- By Patty Hutchens
Athlete of the Month
Gig Harbor High School
A senior at Gig Harbor High School, Jake Flynn has been on the school’s football team throughout high school and joined the wrestling team this year. “I began wrestling in third grade and continued through eighth grade but did not wrestle in high school up until this year,” said the 18-year-old. “I finally decided to come out for the team this year, and it definitely was a great decision.”
Jake placed high at several tournaments and qualified for state where he finished fifth in the 195 pound bracket of 32 people. “I was also named the WSWCA Academic State Champion at 195 pounds,” said Jake.

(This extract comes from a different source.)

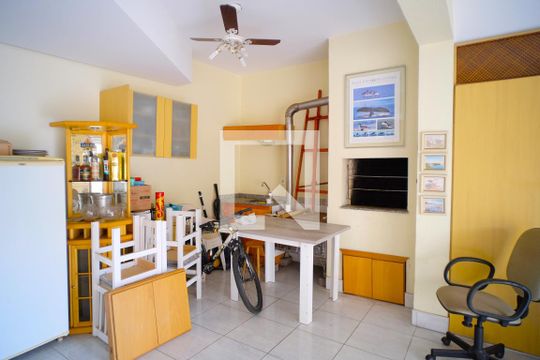 Garagem de casa à venda com 3 quartos, 180m² em Vila Ipiranga, Porto Alegre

He has also made his mark in football for Gig Harbor High School, serving as the varsity football team captain. He received the varsity football Tide Pride award and was awarded the National Football Foundation Lineman of the Year. Jake earned three varsity letters and four WIAA Outstanding Scholastic awards.
In addition to his athletics, Jake has worked hard to maintain a 4.0 GPA and takes 10 Advanced Placement and honors courses. He was elected as an officer for Gig Harbor High School’s National Honor Society and spends time tutoring math and volunteering around the community.
As one can imagine, Jake’s biggest challenge has been balancing academics and athletics. But he schedules his day so that he doesn’t waste any time. “Using my time effectively when I do have free time allows me to stay ahead,” said Jake. “For example, I might read about what we are learning in physics the weekend before so that I’m not behind during the week. Overall, time management skills are a significant factor in balancing school and sports.”
Jake has yet to decide where he will attend college in the fall but says his top choices are the University of Washington and Cal Poly San Luis Obispo. “I don’t have any plans to play sports in college, but I’m definitely going to keep an open mind,” said Jake about his future plans.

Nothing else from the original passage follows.